Your objective
Your task is to return the line containing "Juego de 3 cuadros" and each line after it through the end of the entries, exactly, with no other lines.

Records for this exercise START

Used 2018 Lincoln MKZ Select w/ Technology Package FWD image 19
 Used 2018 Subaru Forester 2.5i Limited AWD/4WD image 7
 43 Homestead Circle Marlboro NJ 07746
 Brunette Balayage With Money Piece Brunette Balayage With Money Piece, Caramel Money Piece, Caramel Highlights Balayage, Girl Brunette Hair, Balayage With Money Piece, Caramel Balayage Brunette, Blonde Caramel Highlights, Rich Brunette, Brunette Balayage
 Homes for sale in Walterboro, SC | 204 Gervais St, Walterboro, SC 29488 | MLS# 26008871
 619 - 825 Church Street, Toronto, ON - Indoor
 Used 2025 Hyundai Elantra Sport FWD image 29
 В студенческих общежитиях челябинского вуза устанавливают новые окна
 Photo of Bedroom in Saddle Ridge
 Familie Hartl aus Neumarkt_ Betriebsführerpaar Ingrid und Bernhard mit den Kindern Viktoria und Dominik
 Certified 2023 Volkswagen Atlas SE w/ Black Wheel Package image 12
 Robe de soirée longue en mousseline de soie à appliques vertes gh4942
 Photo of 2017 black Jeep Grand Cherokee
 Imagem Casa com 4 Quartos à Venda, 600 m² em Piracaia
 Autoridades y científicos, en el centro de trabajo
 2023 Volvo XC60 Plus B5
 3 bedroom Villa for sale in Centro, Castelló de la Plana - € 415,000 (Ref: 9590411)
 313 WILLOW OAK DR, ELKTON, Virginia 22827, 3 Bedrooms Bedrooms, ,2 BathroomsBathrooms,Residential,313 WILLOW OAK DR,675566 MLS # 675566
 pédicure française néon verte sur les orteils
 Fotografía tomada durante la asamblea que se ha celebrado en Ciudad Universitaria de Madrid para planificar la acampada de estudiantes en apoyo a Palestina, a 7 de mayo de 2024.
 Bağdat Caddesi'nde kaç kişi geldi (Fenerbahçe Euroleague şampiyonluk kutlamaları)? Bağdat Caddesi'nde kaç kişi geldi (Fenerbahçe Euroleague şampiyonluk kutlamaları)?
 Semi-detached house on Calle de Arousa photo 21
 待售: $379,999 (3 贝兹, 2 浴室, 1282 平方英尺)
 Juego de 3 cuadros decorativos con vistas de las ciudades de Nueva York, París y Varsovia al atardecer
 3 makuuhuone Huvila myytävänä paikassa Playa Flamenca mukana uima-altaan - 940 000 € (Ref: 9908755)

Records for this exercise END

Result of this exercise
 Juego de 3 cuadros decorativos con vistas de las ciudades de Nueva York, París y Varsovia al atardecer
 3 makuuhuone Huvila myytävänä paikassa Playa Flamenca mukana uima-altaan - 940 000 € (Ref: 9908755)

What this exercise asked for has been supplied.